Este relato, nos habla de dos partes: en primer lugar la esperanza que las personas tienen y en segundo lugar, quienes están para intentar destruirla. El Corán tiene una parte en la que recuerdo que dice: «Aquellos que tienen grandes sueños y mantienen sus promesas, deberán estar listos para hacer grandes sacrificios». ¿Por qué será que el sacrificio va de la mano con el placer de la realización de metas y sueños? Porque no podría ser de otra manera. Recordando a Aristóteles, él sostenía que lo importante entre el punto A y el punto B es el recorrido o el proceso que hay entre ambos. Porque uno encuentra mayor beneficio por todo lo que aprende en el recorrido, y al llegar, llega con manos llenas.

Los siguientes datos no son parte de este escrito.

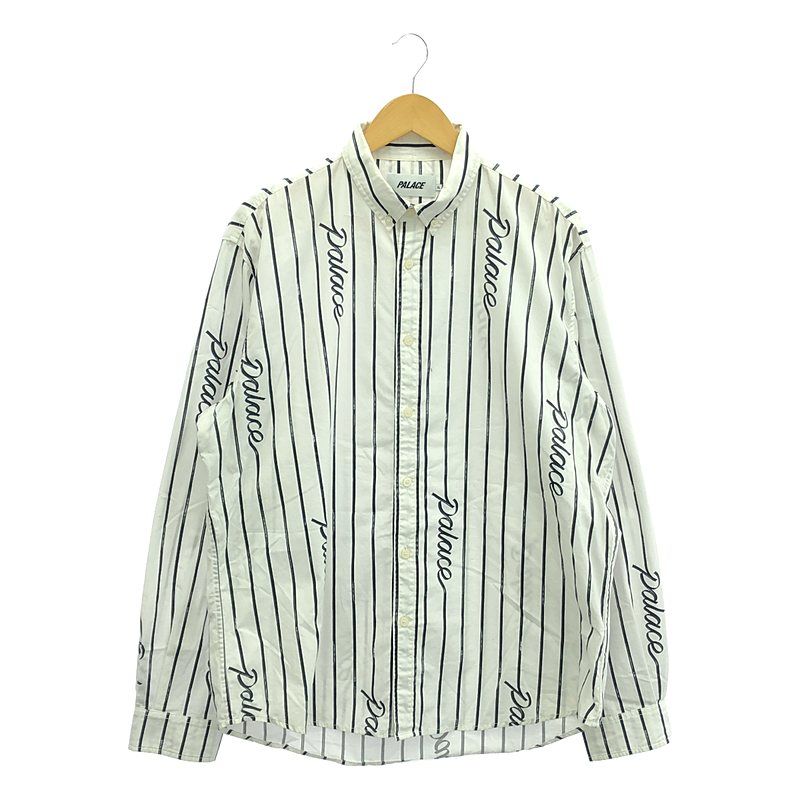PALACE SKATEBOARDS / パレススケートボーズ | HAND STRIPE SHIRT ハンドストライプ ボタンダウンシャツ | XL | ホワイト / ブラック | メンズ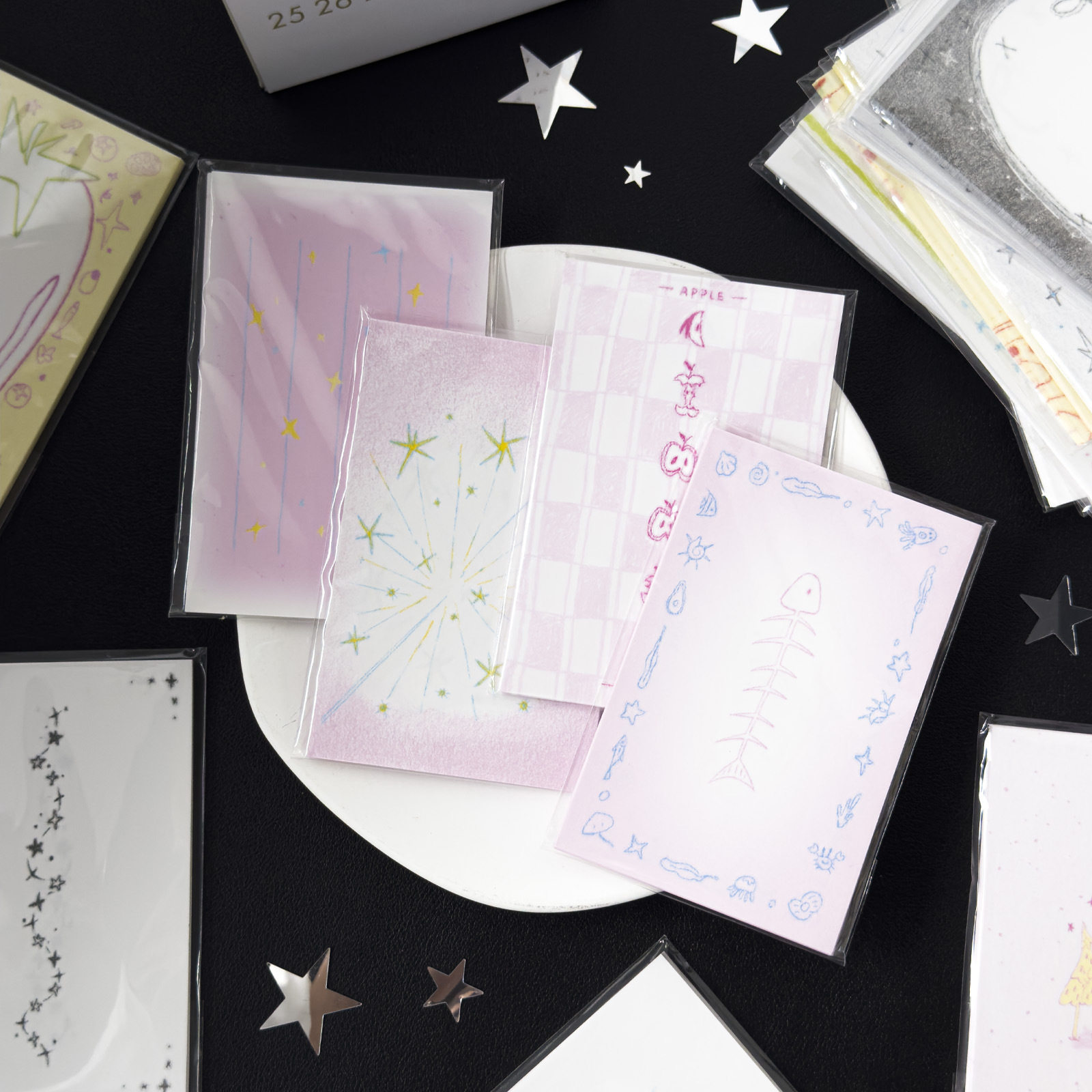 23℃的日常系列盐系便签纸20张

La esperanza requiere no especular

El sociólogo alemán, Ivan Illich, decía que «debemos redescubrir la distinción entre expectativas y esperanza». Si hay cosas del mañana que no dependen de nosotros, tendríamos que entender que la expectativa es una suerte de exigencia al futuro. Queremos y deseamos tantas cosas, que por muy buenas y nobles que sean, no tienen que ser nada más porque sí. Solemos confundir muy a menudo la esperanza con la expectativa. Claramente, todos decimos que «sabemos» lo que sería lo mejor que podría pasar para nosotros, sin embargo, la lógica de la vida no funciona así (planteando que exista tal cosa). La esperanza es un recordatorio de que el mañana siempre nos dará algo, unos podrán decir que lo necesario, lo que tiene que pasar, y otros dirán que será lo peor, algo que lamentaremos después. La subjetividad es el distanciamiento de la Verdad en la mayoría de las veces. Y cada quien dirá lo que ya ha vivido proyectándolo al porvenir.

Pero no caigamos en la fina y delicada tentación de querer planear sobre el aire. La esperanza debe ser una apuesta por la vida. Pase lo que pase y como tenga que pasar. Los frutos se irán viendo, pero no olvidemos que hay frutos que se pudren o que no tuvieron el suficientemente tiempo para madurar. Lo importante en todo esto es que siempre habrá alguien más en el camino. Y ese alguien es un misterio. Ahora bien, si la esperanza no la encontramos, habrá que serla nosotros mismos, abrazando nuestra vulnerabilidad que nos hará descubrir nuestra humanidad y con ello la fuerza amorosa de la empatía y del servicio. Acá en México decimos «hoy por ti, mañana por mí». En la carrera de la vida, a cada uno de nosotros nos corresponde en algún momento ser relevo del otro.

No sabemos qué pasará, pero en esta existencia compartida, sabemos que solos no estaremos. Sólo hay que eliminar el nombre y el rostro, para poder acceder al otro desde la bondad. Y poder así alimentar la esperanza, no hay más.